Ok, I don’t know how much figurative “stock” you put in Mitch McConnell’s Monday promise that there is “zero chance” of Congress not raising the debt ceiling by late September, but it’s at least plausible to suggest that however vacuous, the Senate Majority Leader’s comment helped buoy risk assets (i.e. literal stocks) on Tuesday.

Taken together with the Politico article that posited some progress on tax reform, investors may have gone into the cash open feeling a little better about the fiscal situation than they did at the end of last week.

Nevertheless, you can’t blame markets for being nervous. And no matter which side of the partisan divide you fall on, it’s impossible to argue that Donald Trump’s erratic behavior hasn’t made the situation even more ambiguous than it already would have been.

In previous posts, we’ve detailed how the VIX behaved during previous debt ceiling debacles and we’ve also documented how stocks reacted to the 2013 government shutdown.

Well on Tuesday, Deutsche Bank is out with a lengthy piece on what the implications are for fiscal policy, Fed policy and foreign flows.

Needless to say, all of that matters quite a lot for the dollar, which has been on the back foot for most of this year, a cruel twist of fate considering “long USD” was one of the “no-brainer” trades headed into 2017.

First on fiscal policy, Deutsche notes the following:

In August 2011, the price President Obama paid for the deal with House Republicans was multiple rounds of spending cuts (the Budget Control Act) with automatic sequestration (the fiscal cliff) if a bi-partisan super-committee failed to find a trillion dollars of additional cuts by November 2012. Combined with funding compromises agreed earlier in the year, this sharply reversed post-crisis stimulus. The US fiscal impulse flipped from an expansionary +2% GDP in 2010 to -1.5% in 2011 (chart 2).

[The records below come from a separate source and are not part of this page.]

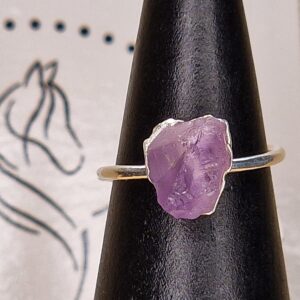 Bague drusy améthyste en argent sterling 925, ajustable, au design texturé et reflets violets scintillants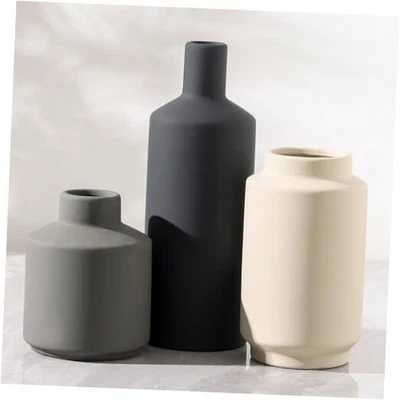 Juego de 3 Jarrones de Cerámica, Jarrones Decorativos Modernos para Decoración del Hogar, Pequeños Multi Gris Foto 1 de 4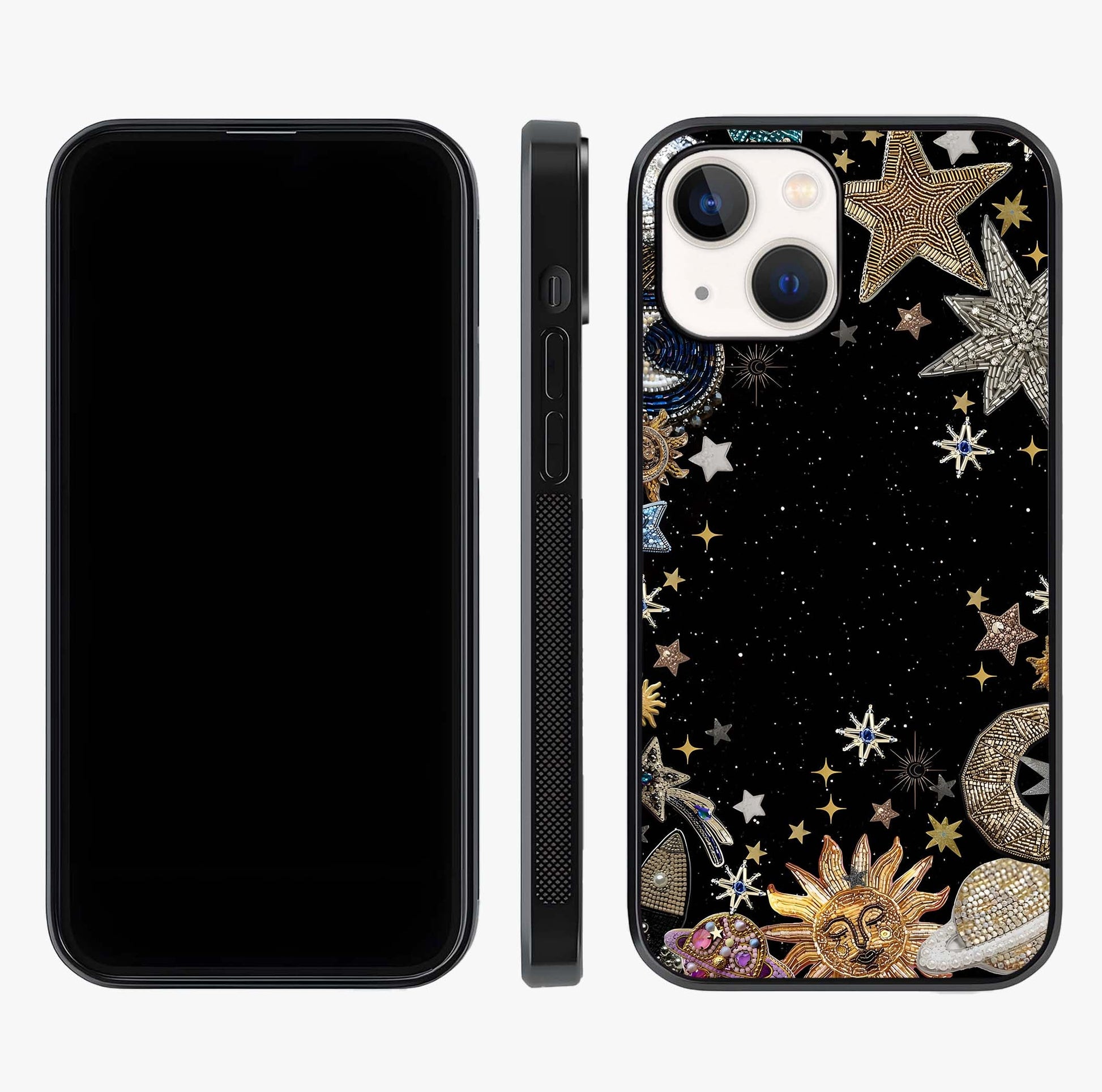 Galactic Jewel Stars Glass Case displayed upright for full design visibility and premium finish.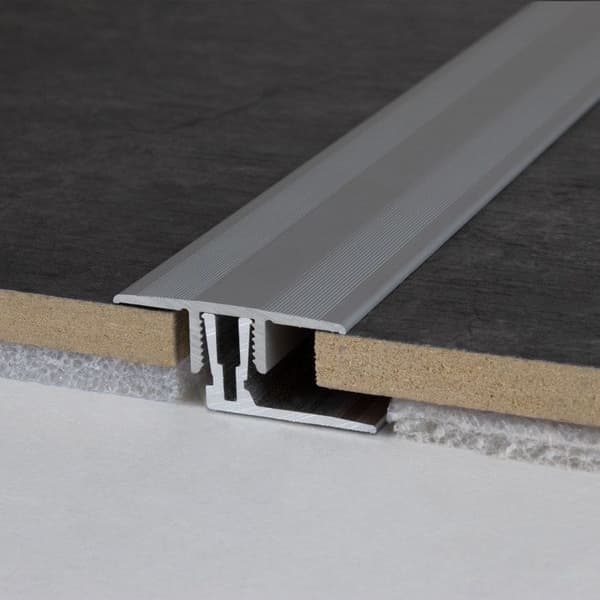 Clip-on tröskellist H 11 15 mm 33,5 mm bred anodiserad aluminium - Stålutseende 900 mm Ståloptik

By the October 2013 debt ceiling crisis, with lawmakers having failed to agree on a budget from the previous year, automatic spending cuts had already begun to come into effect. But with House Republicans still unwilling to fund the government without a delay to implementing the Affordable Care Act, the federal government went into partial shutdown. The immediate economic cost of the shutdown was calculated at 0.3 percent of GDP by the Bureau of Economic Analysis. But the backlash ultimately pressured Republican lawmakers into a series of temporary resolutions funding the government over the next three years.